Tuesday, 26 March 2013

Jamestown St Helena: 20/20 Vision

In prime position at meeting at the Consulate Hotel, Jamestown

Towards the end of our recent visit to St Helena my wife and I attended a meeting to discuss the 20/20 Vision for Jamestown, a bulky document, costing £30, which I suspect few had read. The audience was large by St Helena standards - well over 100.

Wharf Area Jamestown

The document's purpose was to set out possible changes by 2020 when, with the completion of the airport, still scheduled to open in 2016, Jamestown's historic role as the access point for the island will have come to an end. The author, off the island at the time of the meeting, seems to envisage Jamestown as a kind of up market Las Americas, and the wharf area perhaps as a cut-down version of Cape Town's Victoria and Alfred waterfront!

Among the most troubling proposals was that the Castle, the historic seat of the Government of St Helena, should become a hotel.

Jamestown Castle

At the end of what turned out to be a rather bad tempered meeting a vote was taken.
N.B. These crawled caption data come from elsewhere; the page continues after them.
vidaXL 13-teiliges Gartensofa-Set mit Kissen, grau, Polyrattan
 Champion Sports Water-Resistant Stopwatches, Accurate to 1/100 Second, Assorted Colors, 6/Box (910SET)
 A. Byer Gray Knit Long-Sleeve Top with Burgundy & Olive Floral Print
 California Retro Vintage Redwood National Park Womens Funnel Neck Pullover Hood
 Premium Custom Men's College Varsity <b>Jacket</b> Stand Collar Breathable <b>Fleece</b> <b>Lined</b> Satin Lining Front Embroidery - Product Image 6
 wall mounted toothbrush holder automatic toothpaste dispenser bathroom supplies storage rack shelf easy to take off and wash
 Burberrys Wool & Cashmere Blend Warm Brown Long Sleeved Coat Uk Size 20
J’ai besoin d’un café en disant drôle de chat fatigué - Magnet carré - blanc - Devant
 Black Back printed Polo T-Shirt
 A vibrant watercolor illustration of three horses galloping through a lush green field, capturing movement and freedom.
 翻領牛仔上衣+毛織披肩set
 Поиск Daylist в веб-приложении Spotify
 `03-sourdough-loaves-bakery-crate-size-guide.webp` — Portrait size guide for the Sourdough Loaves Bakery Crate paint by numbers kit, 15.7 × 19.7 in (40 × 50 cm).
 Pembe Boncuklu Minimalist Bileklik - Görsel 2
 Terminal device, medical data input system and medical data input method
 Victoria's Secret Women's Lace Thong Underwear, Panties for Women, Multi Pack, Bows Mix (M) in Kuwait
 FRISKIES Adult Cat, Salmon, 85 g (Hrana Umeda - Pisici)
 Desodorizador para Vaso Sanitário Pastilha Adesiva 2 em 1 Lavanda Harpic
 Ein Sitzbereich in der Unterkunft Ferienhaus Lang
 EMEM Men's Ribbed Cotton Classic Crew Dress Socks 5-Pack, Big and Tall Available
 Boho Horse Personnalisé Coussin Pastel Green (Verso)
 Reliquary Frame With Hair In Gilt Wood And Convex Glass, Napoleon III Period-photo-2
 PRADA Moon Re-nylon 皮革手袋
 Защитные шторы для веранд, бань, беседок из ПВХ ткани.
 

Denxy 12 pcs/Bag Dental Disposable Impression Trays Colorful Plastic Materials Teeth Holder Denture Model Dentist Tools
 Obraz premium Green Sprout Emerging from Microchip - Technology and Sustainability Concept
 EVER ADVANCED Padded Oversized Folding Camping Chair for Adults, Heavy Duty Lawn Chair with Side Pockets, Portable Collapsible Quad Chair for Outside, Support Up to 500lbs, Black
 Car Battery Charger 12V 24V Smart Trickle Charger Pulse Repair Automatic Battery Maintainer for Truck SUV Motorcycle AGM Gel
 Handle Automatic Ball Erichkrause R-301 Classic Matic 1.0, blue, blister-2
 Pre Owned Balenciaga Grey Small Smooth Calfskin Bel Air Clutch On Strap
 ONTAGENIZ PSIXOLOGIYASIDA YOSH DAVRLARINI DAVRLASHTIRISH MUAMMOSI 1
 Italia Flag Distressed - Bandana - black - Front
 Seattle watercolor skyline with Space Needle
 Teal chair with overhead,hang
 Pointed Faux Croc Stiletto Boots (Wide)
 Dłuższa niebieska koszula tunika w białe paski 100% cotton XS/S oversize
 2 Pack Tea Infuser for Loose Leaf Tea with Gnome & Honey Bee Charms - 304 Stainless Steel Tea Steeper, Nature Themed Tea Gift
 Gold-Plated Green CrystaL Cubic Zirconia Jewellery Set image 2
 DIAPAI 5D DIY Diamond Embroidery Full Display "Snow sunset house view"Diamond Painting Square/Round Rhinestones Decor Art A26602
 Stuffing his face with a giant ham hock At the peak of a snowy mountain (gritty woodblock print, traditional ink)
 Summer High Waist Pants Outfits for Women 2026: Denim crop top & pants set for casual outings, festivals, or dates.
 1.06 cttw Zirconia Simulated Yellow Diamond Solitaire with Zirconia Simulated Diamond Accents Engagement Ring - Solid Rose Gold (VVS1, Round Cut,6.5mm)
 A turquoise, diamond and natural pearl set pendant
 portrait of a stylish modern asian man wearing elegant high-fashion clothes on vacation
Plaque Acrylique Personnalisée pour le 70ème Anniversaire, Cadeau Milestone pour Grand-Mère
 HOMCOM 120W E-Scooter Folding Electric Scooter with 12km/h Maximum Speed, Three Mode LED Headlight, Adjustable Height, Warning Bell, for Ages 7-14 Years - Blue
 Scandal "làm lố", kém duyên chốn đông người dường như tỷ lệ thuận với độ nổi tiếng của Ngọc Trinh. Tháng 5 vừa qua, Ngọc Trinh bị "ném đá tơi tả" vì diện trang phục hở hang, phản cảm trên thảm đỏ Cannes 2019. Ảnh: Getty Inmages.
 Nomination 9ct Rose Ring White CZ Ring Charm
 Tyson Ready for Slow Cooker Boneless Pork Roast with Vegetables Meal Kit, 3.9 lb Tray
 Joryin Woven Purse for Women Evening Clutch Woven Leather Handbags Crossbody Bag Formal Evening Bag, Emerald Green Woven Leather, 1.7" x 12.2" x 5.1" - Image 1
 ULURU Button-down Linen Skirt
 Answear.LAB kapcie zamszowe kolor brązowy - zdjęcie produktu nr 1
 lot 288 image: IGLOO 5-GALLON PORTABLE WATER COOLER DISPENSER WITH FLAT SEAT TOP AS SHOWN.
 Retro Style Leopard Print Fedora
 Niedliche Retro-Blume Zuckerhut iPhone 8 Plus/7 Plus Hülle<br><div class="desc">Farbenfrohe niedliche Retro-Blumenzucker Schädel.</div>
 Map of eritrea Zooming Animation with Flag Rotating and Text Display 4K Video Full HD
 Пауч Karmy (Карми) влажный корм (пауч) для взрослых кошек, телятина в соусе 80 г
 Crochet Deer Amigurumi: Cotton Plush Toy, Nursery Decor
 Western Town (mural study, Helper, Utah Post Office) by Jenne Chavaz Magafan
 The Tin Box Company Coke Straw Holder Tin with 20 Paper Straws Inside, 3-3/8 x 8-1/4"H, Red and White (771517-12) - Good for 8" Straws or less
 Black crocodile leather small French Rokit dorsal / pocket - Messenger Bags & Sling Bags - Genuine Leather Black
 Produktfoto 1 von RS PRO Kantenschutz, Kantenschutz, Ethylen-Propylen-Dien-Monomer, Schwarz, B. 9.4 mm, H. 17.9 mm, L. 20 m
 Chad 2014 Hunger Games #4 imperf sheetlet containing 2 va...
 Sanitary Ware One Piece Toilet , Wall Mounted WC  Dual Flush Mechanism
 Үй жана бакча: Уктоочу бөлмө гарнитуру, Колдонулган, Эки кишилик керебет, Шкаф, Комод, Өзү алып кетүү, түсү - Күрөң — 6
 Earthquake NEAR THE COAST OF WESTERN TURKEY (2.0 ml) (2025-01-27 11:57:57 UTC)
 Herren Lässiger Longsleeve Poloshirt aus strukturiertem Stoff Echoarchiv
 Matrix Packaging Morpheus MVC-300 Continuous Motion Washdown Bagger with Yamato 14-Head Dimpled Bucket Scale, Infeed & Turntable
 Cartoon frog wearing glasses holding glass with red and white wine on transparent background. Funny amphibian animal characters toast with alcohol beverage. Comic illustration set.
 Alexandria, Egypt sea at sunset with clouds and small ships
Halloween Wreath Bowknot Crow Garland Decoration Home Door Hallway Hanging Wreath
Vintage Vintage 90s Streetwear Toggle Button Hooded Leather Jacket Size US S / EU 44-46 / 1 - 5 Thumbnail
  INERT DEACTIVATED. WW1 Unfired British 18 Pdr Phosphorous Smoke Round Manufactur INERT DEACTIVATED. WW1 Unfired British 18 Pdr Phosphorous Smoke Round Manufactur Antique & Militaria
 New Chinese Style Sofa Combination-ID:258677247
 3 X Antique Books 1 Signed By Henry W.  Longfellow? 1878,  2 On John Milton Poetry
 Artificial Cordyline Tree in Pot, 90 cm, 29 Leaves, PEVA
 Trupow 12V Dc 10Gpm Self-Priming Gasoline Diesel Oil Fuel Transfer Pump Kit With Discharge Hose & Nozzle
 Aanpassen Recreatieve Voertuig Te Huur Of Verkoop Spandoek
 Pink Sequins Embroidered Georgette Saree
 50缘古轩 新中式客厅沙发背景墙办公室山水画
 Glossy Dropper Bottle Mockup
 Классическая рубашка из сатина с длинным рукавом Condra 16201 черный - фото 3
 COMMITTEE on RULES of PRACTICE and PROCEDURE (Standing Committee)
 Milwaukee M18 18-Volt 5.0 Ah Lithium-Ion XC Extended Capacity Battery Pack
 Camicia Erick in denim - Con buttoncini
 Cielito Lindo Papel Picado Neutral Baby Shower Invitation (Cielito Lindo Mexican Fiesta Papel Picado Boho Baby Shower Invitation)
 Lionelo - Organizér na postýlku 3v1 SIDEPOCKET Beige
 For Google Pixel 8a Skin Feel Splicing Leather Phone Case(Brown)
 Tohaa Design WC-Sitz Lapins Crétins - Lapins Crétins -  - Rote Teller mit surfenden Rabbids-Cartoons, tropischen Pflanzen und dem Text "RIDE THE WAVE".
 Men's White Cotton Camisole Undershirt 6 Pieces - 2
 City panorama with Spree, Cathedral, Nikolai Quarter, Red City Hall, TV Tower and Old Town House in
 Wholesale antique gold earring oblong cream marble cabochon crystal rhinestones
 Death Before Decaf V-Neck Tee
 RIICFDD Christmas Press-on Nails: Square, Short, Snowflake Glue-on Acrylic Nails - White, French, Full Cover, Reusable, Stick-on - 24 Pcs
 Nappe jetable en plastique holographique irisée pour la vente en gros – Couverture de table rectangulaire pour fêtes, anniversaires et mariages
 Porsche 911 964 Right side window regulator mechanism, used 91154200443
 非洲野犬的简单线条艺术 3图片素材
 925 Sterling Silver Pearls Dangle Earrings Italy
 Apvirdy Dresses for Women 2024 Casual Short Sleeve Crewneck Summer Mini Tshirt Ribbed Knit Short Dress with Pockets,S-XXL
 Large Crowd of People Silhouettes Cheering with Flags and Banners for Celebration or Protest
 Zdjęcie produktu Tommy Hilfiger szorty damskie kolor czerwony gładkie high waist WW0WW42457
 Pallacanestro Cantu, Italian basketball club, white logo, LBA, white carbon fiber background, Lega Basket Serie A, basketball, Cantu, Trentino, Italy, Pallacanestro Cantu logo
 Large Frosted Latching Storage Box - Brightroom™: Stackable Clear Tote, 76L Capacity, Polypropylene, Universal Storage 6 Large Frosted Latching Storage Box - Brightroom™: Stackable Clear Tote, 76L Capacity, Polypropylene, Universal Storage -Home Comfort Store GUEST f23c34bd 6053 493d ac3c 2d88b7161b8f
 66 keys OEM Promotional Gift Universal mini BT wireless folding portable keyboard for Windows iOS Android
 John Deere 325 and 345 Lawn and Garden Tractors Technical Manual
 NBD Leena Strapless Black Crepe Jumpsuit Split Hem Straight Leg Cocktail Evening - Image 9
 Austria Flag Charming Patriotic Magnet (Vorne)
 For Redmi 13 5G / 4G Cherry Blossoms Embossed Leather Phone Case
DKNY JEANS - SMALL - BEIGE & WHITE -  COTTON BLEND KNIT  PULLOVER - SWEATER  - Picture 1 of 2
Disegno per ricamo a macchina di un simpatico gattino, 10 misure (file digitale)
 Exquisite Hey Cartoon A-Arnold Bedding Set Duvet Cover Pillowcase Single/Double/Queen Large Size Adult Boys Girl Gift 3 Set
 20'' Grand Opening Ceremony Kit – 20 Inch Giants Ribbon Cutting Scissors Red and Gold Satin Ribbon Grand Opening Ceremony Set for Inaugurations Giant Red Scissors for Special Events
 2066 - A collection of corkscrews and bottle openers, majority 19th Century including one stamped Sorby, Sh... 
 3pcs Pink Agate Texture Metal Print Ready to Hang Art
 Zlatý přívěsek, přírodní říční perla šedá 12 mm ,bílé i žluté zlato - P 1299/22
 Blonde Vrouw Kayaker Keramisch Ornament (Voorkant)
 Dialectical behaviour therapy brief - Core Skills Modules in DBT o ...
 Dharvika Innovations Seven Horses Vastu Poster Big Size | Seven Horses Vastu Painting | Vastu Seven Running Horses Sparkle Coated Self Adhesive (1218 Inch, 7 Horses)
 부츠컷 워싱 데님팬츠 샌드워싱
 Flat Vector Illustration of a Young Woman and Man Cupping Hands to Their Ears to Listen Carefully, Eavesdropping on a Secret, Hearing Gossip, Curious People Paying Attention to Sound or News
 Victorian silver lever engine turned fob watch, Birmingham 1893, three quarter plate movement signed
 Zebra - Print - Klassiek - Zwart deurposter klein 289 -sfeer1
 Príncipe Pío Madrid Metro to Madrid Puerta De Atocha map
Not a single hand was raised in support of the document. I was told by someone in the know that I would be shocked at the cost of the project - certainly I gather far more than £100,000. I was also confidently informed by a number of residents that nothing would happen anyway, certainly not before the completion of the airport: gossip and rumours are the only things that move fast on St Helena.

I certainly hope that the Government of St Helena and the Department for International Development will tread very carefully when making plans for this unique and largely unspoiled Georgian town. The recent destruction of historic buildings and steps on the wharf do not inspire confidence, particularly since the new facilities created there will be surplus to requirements when all freight handling moves to Ruperts Bay. p.s. all the photos enlarge if clicked.